TASK INSTRUCTIONS
Give the number of lines in the data that hold the word "Buckazoids", and nothing else.

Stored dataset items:
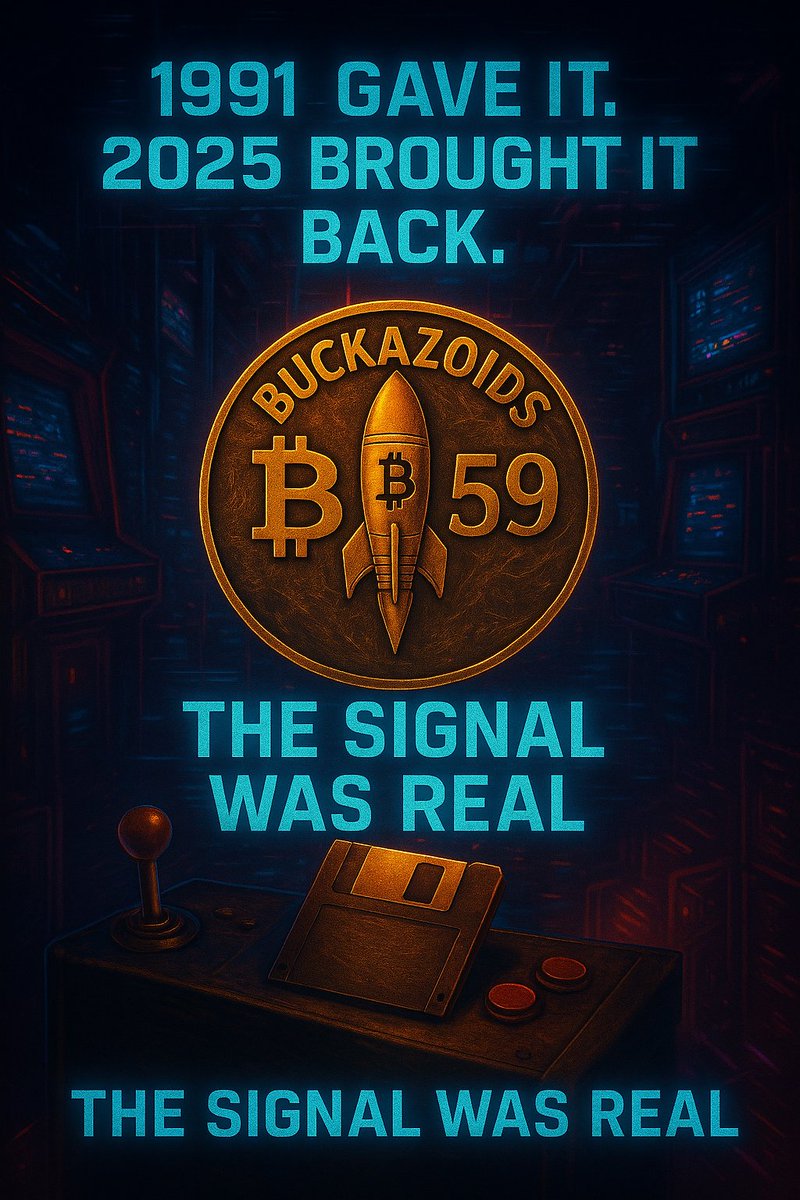 Robog33k's tweet photo. Most are still chasing coins they hope mean something.
We’re decoding one that already did.
1991 gave us Buckazoids.
2025 gave it back.
The signal wasn’t made to go viral.
It was made to wake you up.
#Buckazoids #₿59 #TheSignalWasReal #GameToChain #CryptoLore #DigitalArchaeology #WeNeverLeft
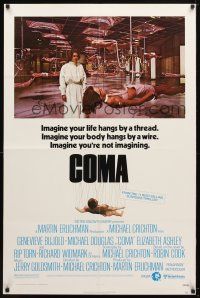 9x177 COMA 1sh '77 Genevieve Bujold finds room full of coma patients in special harnesses!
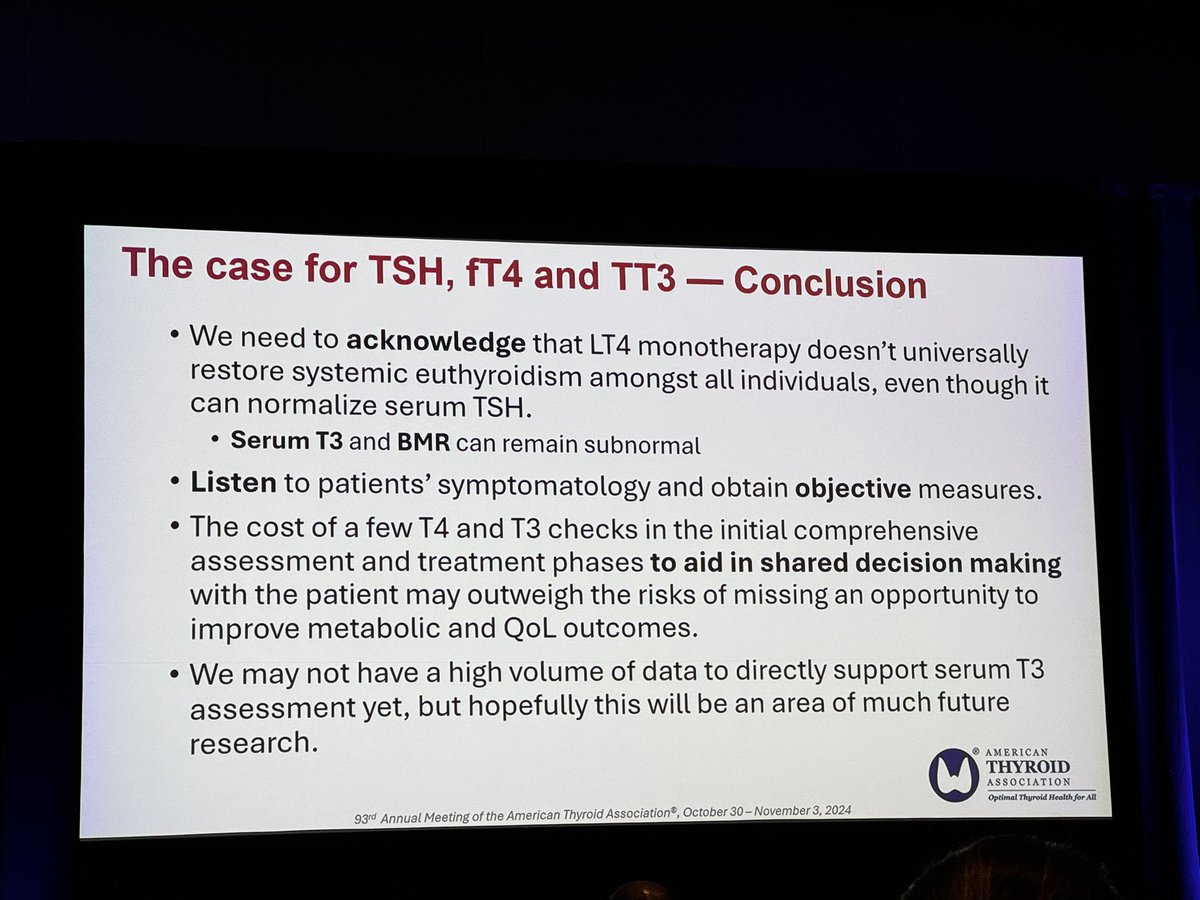 Kaniksha Desai (@kanikshadesai) on Twitter photo Great debate on if TSH testing alone is appropriate for hypothyroid patients. Discussion on the benefits and impact of testing T3 on the QOL for thyroid patients by <a href="/LizzyMcAninchMD/">LizzyMcAninchMD</a> #2024ATA Great debate on if TSH testing alone is appropriate for hypothyroid patients. Discussion on the benefits and impact of testing T3 on the QOL for thyroid patients by <a href="/LizzyMcAninchMD/">LizzyMcAninchMD</a> #2024ATA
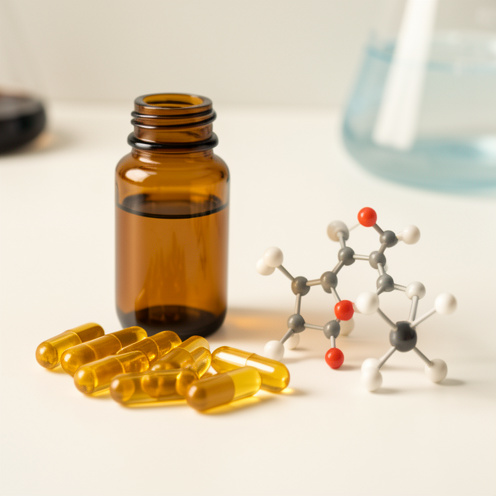 Nature morte scientifique avec des gélules dorées, un flacon ambré sans étiquette et des modèles moléculaires évoquant la curcumine et la coenzyme Q10.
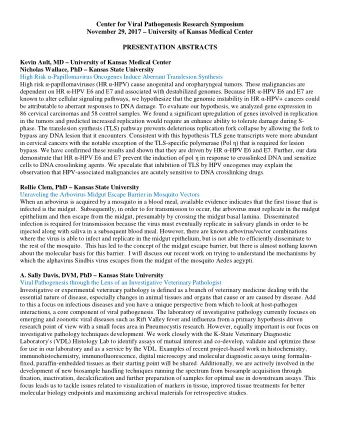 Center for Viral Pathogenesis Research Symposium  November 29, 2017  University of Kansas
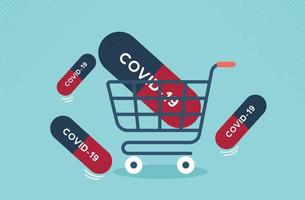 Geschäftsmann läuft mit Supermarktwagen und Medikamenten gegen Coronavirus oder Covid-19. Vektor-Illustration Cartoon-Design. vektor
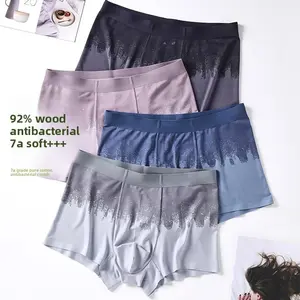 6-Pack,2026 new modal printed underwear men's seamless mid-waist mulberry silk bacteriostatic inner gear boys boxers shorts breathable brief multiple color transpirables parahombre bamboo rayon stranspirables casual soft underwea athletic comfy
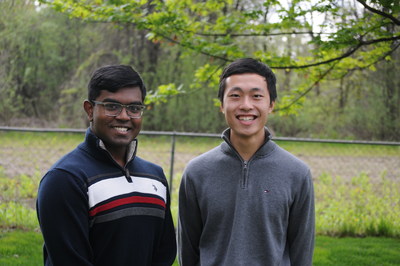 Genes in Space 2019 competition winners Finsam Samson (18) and Yujie Wang (18). Samson and Wang graduated from Troy High School in Troy, Michigan in 2019.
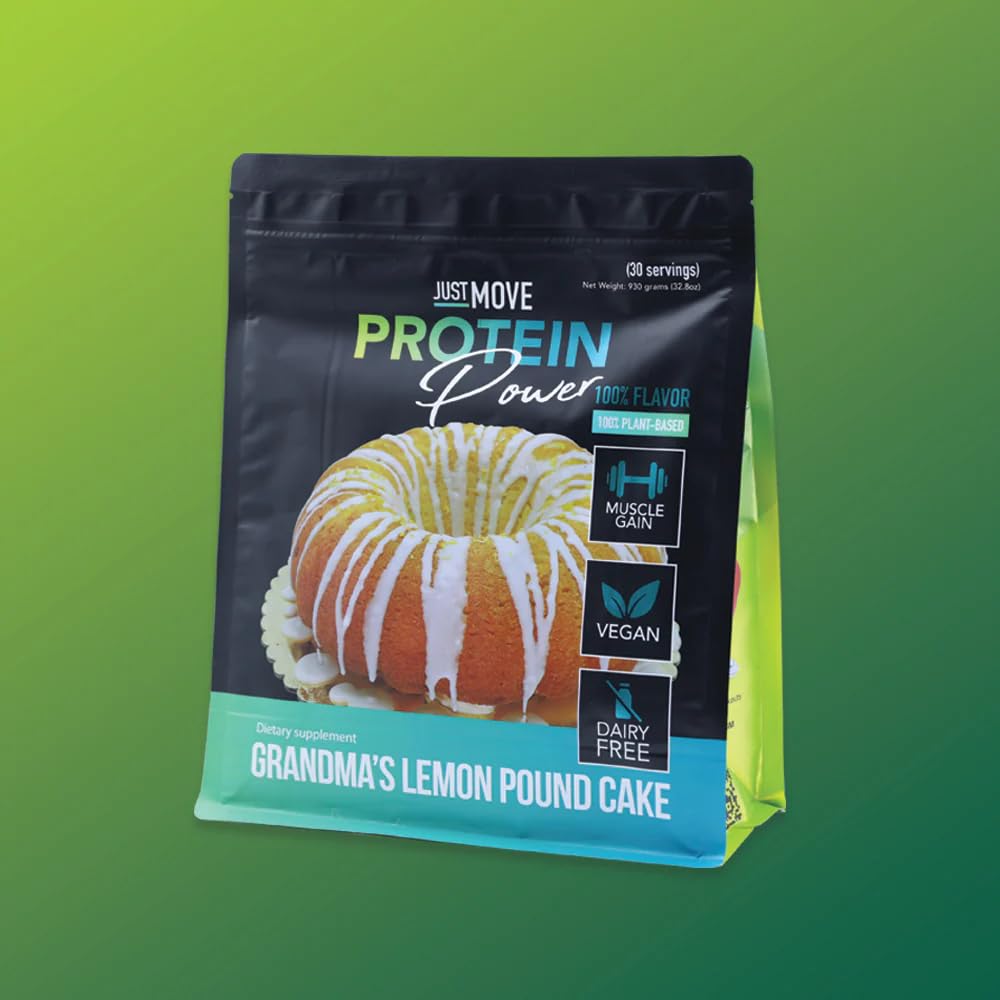 Just Move Protein Powder - Grandma's Lemon Pound Cake - Vegan (Plant Based), 32.9 Ounce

FINISHED TASK
2